[Exercise] Lines from the one containing "Names Places Events" through the end of the entries below: set them down exactly, both ends included, with nothing added.

[Recorded data]
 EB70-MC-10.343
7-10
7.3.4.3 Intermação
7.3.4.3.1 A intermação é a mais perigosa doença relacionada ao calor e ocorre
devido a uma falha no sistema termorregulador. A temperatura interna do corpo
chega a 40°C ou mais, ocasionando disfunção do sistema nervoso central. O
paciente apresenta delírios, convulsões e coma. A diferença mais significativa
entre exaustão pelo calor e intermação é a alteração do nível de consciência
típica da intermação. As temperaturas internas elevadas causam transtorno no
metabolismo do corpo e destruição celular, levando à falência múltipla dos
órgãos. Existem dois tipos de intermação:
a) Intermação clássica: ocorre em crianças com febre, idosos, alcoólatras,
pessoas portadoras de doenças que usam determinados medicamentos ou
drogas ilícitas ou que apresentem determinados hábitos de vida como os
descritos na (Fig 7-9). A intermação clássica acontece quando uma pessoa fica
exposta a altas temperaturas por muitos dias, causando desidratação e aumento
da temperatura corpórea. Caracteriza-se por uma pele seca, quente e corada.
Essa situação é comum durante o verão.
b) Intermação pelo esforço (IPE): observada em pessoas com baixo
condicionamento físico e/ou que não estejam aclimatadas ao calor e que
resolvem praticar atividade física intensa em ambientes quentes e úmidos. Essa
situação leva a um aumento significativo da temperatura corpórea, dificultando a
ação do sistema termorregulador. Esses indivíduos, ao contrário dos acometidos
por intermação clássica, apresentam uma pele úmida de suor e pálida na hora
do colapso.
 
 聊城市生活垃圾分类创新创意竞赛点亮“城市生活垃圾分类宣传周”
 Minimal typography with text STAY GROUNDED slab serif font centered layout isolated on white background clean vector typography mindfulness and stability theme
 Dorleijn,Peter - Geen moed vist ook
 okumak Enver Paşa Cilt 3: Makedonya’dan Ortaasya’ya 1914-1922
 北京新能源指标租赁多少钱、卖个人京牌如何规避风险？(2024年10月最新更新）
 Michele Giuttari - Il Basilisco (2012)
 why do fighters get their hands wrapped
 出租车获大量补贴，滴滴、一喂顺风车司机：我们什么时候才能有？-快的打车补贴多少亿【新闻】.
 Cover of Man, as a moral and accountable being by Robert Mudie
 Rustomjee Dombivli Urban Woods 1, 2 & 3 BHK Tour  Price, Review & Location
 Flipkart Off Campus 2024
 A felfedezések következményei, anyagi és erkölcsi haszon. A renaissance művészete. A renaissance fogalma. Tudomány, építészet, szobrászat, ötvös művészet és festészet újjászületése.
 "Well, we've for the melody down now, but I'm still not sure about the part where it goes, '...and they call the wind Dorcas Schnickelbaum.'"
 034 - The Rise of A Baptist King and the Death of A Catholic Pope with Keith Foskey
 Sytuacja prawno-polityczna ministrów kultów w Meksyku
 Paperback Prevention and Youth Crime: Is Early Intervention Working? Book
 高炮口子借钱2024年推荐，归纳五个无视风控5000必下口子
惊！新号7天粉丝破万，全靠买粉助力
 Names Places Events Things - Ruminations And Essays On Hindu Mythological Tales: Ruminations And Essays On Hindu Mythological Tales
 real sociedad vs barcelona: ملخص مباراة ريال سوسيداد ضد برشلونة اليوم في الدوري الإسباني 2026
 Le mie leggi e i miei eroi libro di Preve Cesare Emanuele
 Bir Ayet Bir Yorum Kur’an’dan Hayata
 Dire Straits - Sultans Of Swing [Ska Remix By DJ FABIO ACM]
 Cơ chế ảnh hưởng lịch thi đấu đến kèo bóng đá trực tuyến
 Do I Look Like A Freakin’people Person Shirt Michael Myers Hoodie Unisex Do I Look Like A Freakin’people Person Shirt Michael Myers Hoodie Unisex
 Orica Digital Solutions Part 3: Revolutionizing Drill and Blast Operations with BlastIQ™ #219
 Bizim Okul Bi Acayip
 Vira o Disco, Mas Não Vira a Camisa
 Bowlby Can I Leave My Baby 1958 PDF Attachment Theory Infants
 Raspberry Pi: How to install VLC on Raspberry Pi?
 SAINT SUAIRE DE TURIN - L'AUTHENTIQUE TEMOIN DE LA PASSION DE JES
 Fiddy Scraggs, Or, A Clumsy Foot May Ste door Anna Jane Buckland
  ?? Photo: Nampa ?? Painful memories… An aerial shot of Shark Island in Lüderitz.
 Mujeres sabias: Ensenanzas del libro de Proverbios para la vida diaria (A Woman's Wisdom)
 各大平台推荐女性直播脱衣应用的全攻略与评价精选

[Answer for the task]
 Names Places Events Things - Ruminations And Essays On Hindu Mythological Tales: Ruminations And Essays On Hindu Mythological Tales
 real sociedad vs barcelona: ملخص مباراة ريال سوسيداد ضد برشلونة اليوم في الدوري الإسباني 2026
 Le mie leggi e i miei eroi libro di Preve Cesare Emanuele
 Bir Ayet Bir Yorum Kur’an’dan Hayata
 Dire Straits - Sultans Of Swing [Ska Remix By DJ FABIO ACM]
 Cơ chế ảnh hưởng lịch thi đấu đến kèo bóng đá trực tuyến
 Do I Look Like A Freakin’people Person Shirt Michael Myers Hoodie Unisex Do I Look Like A Freakin’people Person Shirt Michael Myers Hoodie Unisex
 Orica Digital Solutions Part 3: Revolutionizing Drill and Blast Operations with BlastIQ™ #219
 Bizim Okul Bi Acayip
 Vira o Disco, Mas Não Vira a Camisa
 Bowlby Can I Leave My Baby 1958 PDF Attachment Theory Infants
 Raspberry Pi: How to install VLC on Raspberry Pi?
 SAINT SUAIRE DE TURIN - L'AUTHENTIQUE TEMOIN DE LA PASSION DE JES
 Fiddy Scraggs, Or, A Clumsy Foot May Ste door Anna Jane Buckland
  ?? Photo: Nampa ?? Painful memories… An aerial shot of Shark Island in Lüderitz.
 Mujeres sabias: Ensenanzas del libro de Proverbios para la vida diaria (A Woman's Wisdom)
 各大平台推荐女性直播脱衣应用的全攻略与评价精选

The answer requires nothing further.